§ DESCRIPTION OF THE TASK: Restate exactly, and only, the lines from the one with "Hintergrund: türkis" through the end of the data, with both of those end lines kept. Drop any pictures.

§ RECORDS SUPPLIED:
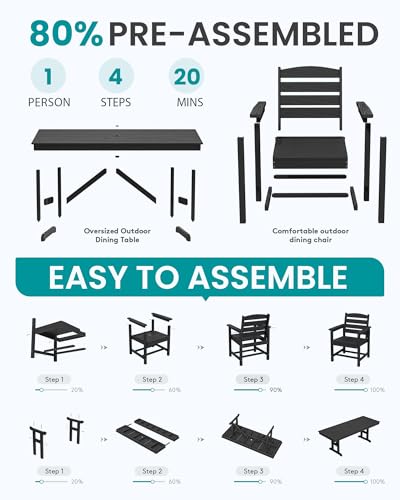 Image of SERWALL 9 Piece 84 inch HDPE Outdoor Dining Set for 8 with Armchairs and Umbrella Hole, Black
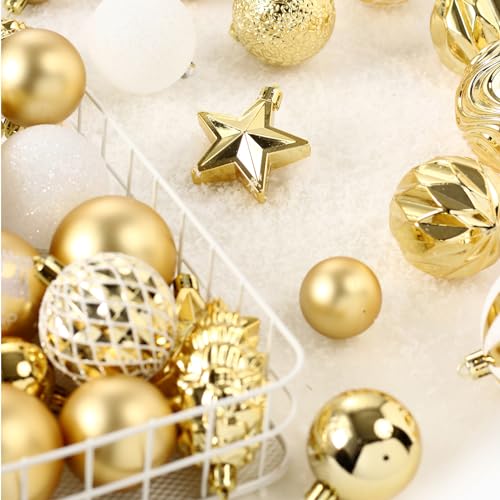 Christmas Balls 65pcs, Christmas Tree Decoration Set, Christmas Ornaments Set for Xmas Tree Holiday Party Garland Decor - Gold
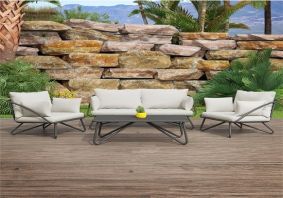 Cosco Intellifit Steel Set Of 3 Bistro Set In Sandy Brown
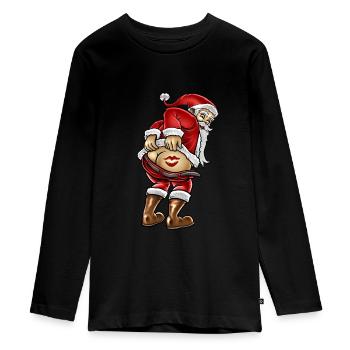 Santa Claus Santa Claus - T-shirt manches longues Premium Ado - noir - Devant - AI Model Kid Female (0cm)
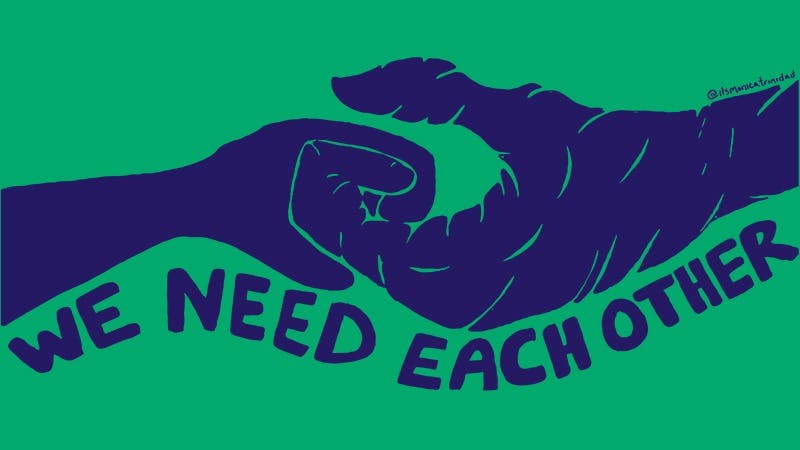 Hintergrund: türkis
2 Hände (blau), die einander gereicht werden
Schriftzug: we need each other
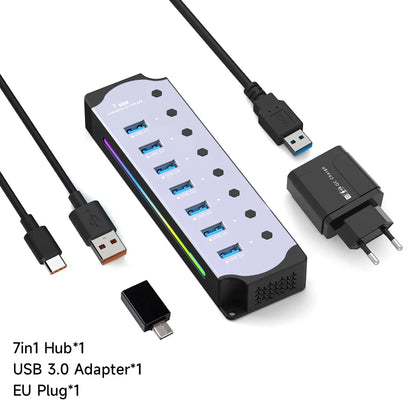 10-in-1 USB 3.0 Powered Hub — RGB E-Marker with Individual Switches & Heat Dissipation, DC 5V Adapter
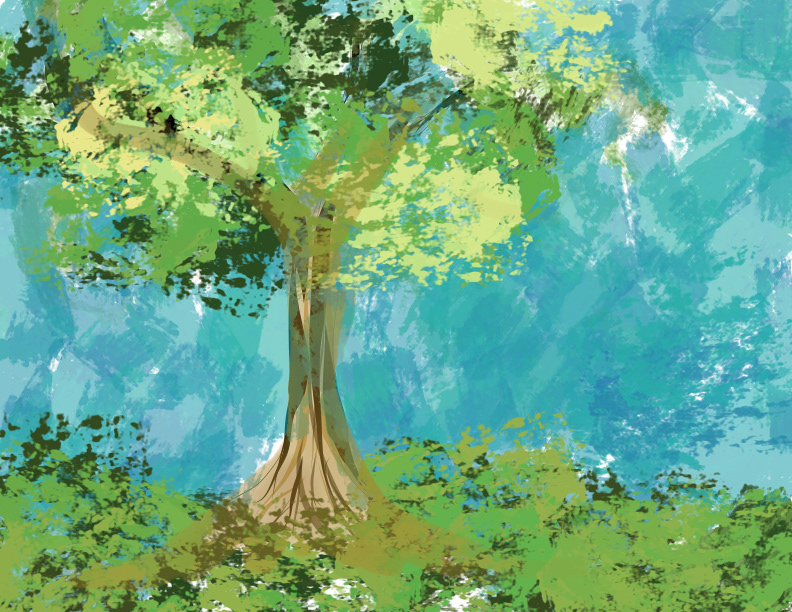Title: Summer Oak | Personal Project | Tools: Adobe Fresco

§ TASK OUTPUT:
 Hintergrund: türkis
2 Hände (blau), die einander gereicht werden
Schriftzug: we need each other
 10-in-1 USB 3.0 Powered Hub — RGB E-Marker with Individual Switches & Heat Dissipation, DC 5V Adapter
Title: Summer Oak | Personal Project | Tools: Adobe Fresco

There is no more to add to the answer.